In 1880, William DeFrehn opened a chair factory in a warehouse at the mouth of the Conococheague Creek. At the height of operations, they produced 125 dozen chairs per month, available in 35 different styles. The factory employed about 50 local men.
On Memorial Day 1889, 68 miles north of Cumberland, MD, the South Fork Dam burst. Twenty million tons of water surged into the river at Johnstown. More than 2,200 people died there in one of the greatest disasters in American History. 
It's over two hours by Interstate highway to cover the 100 miles from Williamsport, MD, to Johnstown, PA. In 1889, the only communication was telegraph lines or limited telephone. 

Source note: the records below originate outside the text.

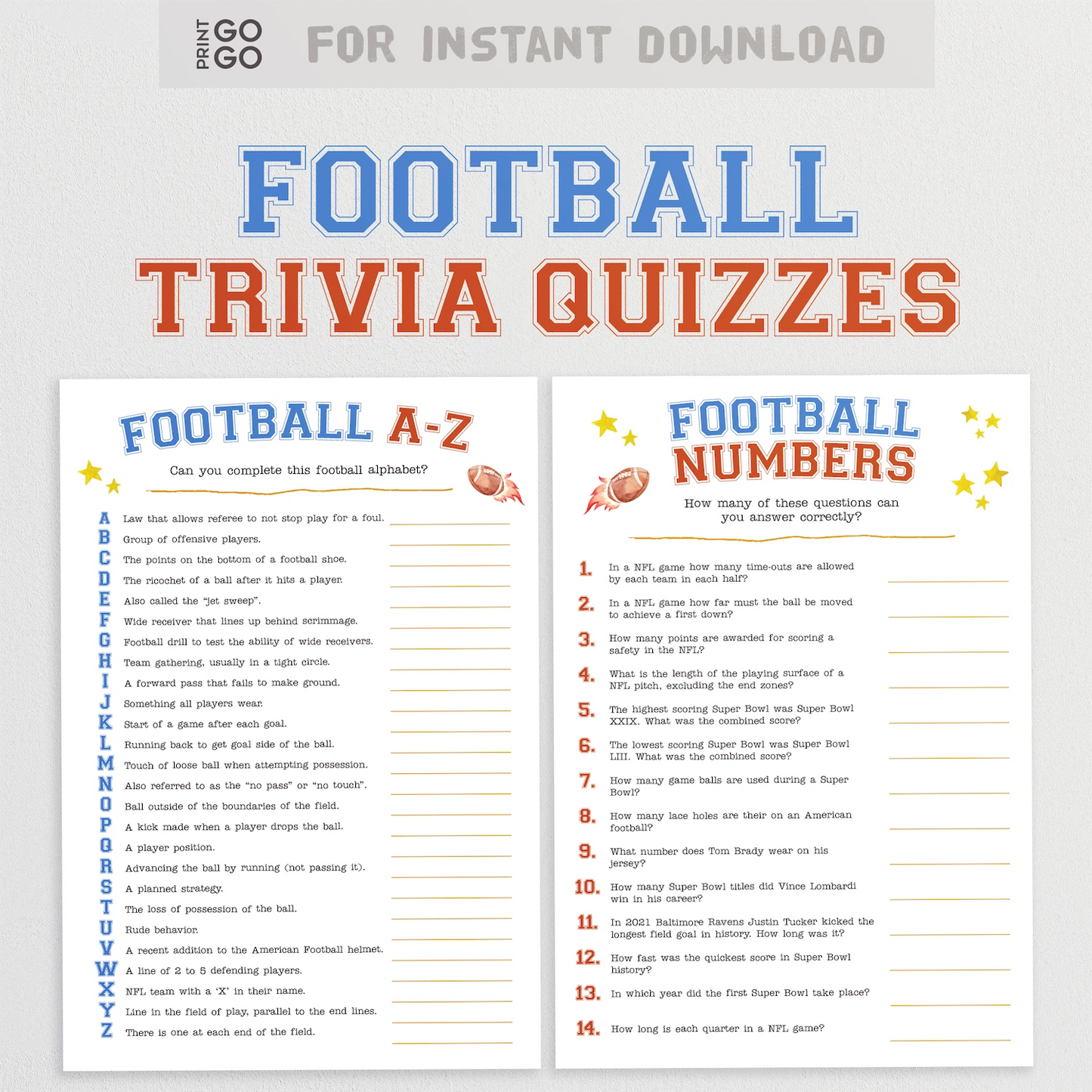 Two pages of football trivia quizzes with colorful text and headers on a light gray background.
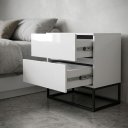 Ver imagem 4 de Kit 2 Mesas de Cabeceira Eros 45cm Branco MDF Moderna Estilo Industrial Pés de Ferro Preto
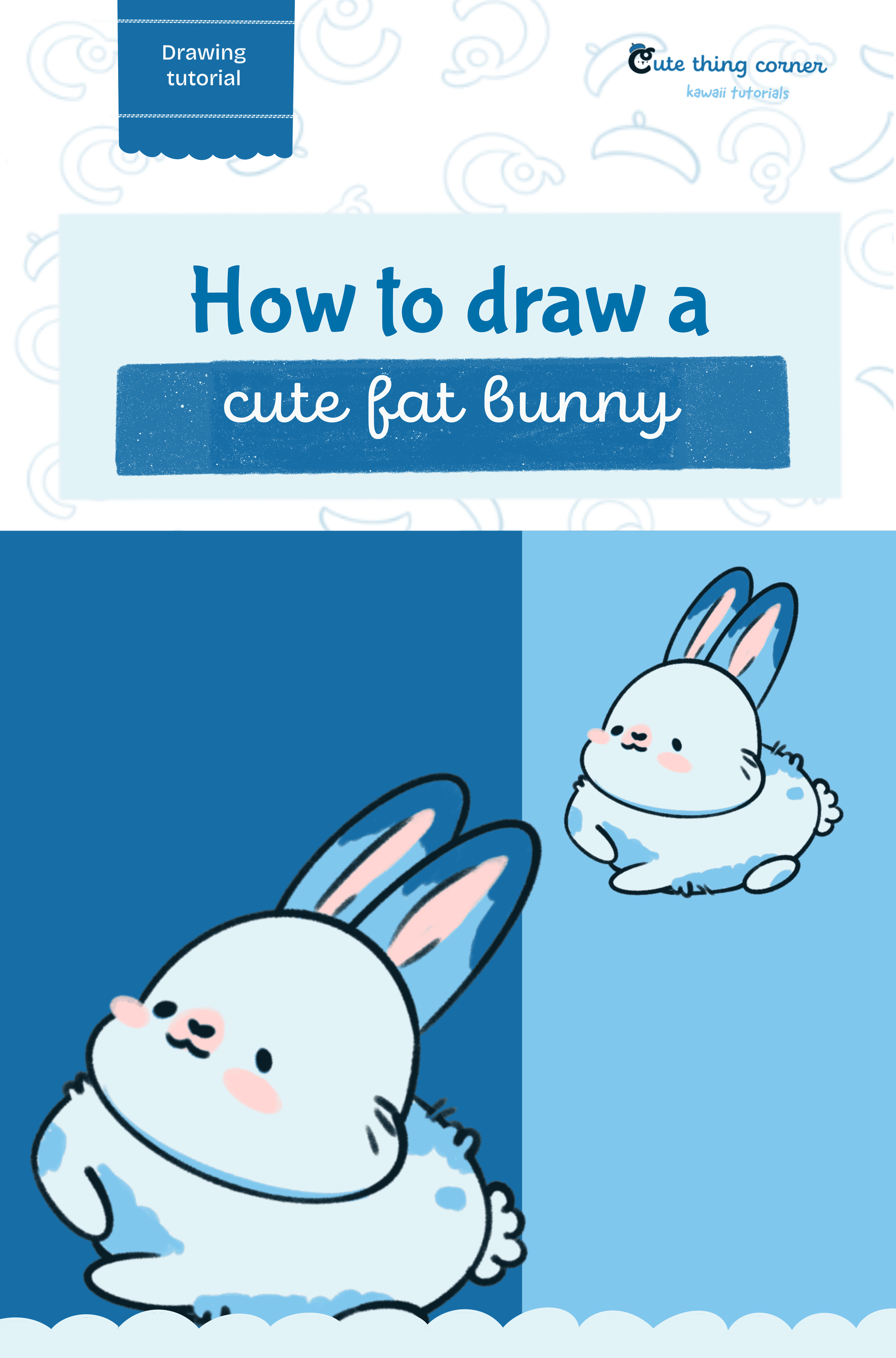 How to draw a cute fat bunny (Step-by-step)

As the Potomac River and Conococheague Creek began to rise at Williamsport, men anxiously waited by the lines for word from Cumberland about conditions. The only report from the Queen City was that it was raining. While true, it was an understatement. 
It was June 2 before the Potomac River crested at 40.2 feet, a record that would stand until St. Patrick's Day 1932, when the river crested at 48.6 feet.  
The largest casualty of the flood at Williamsport was the chair factory. Defrehn closed his operations at Williamsport after the flood and, interestingly enough, reopened in Johnstown, Pa., later moving to Hornerstown, Pa. They closed for good in the 1970s.